What is expected. Gather the lines below that include the string "Nike", copying each in full.

━━━━━ Data for this exercise

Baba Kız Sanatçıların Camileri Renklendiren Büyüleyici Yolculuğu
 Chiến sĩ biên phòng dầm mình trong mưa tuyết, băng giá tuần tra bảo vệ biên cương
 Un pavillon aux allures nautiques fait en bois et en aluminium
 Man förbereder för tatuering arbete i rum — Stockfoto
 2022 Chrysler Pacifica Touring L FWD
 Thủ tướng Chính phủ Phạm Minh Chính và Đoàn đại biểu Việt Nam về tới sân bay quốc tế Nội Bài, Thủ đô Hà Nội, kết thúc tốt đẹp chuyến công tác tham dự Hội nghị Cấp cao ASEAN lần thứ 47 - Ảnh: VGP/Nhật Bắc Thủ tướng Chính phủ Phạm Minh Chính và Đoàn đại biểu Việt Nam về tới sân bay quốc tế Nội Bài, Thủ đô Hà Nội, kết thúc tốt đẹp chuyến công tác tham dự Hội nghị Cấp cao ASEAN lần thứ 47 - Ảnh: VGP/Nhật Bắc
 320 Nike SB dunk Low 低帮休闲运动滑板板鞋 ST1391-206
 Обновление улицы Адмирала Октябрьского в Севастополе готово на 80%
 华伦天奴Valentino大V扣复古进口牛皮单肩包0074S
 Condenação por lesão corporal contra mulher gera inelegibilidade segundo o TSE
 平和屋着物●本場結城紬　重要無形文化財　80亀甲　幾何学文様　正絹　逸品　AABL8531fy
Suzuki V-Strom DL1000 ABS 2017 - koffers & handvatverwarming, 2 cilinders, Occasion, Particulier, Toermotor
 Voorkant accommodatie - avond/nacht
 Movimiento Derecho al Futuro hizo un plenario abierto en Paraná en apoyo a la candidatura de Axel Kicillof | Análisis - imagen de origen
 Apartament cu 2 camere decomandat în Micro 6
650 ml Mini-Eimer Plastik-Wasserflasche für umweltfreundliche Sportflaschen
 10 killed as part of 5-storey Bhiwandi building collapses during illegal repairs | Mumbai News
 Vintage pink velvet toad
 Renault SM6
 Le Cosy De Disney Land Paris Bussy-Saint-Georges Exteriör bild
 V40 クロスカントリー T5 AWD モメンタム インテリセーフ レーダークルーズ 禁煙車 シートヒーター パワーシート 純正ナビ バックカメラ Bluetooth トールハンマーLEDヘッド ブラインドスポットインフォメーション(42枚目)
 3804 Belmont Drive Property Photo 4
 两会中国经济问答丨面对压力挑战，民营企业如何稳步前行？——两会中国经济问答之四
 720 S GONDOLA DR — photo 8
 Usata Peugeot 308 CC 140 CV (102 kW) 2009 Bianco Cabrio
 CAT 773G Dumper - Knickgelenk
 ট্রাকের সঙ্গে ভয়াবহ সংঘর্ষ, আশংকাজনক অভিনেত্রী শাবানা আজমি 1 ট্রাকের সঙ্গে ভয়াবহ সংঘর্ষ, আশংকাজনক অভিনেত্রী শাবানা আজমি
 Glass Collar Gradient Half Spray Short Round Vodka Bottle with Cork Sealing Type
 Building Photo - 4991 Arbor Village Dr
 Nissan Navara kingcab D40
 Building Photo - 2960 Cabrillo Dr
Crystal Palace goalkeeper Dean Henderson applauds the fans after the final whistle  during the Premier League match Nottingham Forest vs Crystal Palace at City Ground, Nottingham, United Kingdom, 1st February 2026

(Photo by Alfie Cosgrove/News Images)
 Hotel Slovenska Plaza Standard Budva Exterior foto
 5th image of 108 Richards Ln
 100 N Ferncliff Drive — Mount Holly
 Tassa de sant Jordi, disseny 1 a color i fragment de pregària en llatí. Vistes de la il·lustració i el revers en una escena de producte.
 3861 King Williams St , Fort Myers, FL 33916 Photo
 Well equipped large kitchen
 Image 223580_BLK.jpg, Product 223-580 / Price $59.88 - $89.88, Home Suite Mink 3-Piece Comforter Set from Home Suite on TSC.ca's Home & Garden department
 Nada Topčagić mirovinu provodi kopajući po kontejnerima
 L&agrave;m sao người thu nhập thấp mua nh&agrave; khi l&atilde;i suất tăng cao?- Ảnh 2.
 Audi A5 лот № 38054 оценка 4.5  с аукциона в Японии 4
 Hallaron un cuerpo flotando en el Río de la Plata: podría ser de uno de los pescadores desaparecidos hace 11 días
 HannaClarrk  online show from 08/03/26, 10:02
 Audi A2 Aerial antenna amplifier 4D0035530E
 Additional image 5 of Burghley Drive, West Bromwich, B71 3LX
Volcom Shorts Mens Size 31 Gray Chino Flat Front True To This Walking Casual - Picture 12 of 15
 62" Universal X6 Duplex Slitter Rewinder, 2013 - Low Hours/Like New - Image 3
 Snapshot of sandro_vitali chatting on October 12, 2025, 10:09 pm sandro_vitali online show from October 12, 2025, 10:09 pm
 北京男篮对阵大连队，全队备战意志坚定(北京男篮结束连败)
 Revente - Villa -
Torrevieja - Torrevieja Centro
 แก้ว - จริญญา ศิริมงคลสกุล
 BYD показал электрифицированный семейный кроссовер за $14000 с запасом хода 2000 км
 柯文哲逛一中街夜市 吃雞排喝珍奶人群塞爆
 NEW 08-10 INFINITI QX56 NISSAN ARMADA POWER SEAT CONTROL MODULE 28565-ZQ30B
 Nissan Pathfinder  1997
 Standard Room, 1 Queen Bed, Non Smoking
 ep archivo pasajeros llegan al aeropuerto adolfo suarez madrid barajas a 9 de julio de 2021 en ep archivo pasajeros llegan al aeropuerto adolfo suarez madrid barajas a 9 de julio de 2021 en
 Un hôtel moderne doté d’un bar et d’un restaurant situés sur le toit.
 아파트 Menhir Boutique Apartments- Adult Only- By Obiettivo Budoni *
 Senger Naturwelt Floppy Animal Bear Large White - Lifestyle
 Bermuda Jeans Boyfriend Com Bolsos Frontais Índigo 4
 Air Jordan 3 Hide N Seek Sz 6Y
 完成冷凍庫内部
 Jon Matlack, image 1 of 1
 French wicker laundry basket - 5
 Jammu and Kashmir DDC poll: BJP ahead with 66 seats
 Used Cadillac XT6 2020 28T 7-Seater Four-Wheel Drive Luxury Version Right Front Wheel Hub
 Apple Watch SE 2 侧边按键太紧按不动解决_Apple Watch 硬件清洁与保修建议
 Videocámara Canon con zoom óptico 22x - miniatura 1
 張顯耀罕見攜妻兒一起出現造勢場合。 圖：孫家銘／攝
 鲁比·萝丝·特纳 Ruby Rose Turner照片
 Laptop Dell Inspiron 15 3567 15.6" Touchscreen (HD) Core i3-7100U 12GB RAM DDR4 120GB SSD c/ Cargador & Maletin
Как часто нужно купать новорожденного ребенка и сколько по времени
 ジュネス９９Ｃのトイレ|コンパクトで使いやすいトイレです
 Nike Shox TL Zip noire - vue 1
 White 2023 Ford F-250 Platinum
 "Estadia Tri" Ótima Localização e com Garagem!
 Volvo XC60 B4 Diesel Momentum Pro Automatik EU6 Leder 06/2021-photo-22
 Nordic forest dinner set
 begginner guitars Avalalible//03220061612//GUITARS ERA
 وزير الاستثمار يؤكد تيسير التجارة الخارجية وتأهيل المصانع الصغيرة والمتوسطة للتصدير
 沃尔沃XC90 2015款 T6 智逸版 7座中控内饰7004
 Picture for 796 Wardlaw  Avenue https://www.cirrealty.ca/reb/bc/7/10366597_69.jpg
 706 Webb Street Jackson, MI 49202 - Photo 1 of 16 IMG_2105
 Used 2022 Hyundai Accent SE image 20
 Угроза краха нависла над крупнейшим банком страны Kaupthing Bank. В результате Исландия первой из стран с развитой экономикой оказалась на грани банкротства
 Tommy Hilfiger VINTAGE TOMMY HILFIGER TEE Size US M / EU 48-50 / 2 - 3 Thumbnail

━━━━━━━━━━

Task solution.
 320 Nike SB dunk Low 低帮休闲运动滑板板鞋 ST1391-206
 Nike Shox TL Zip noire - vue 1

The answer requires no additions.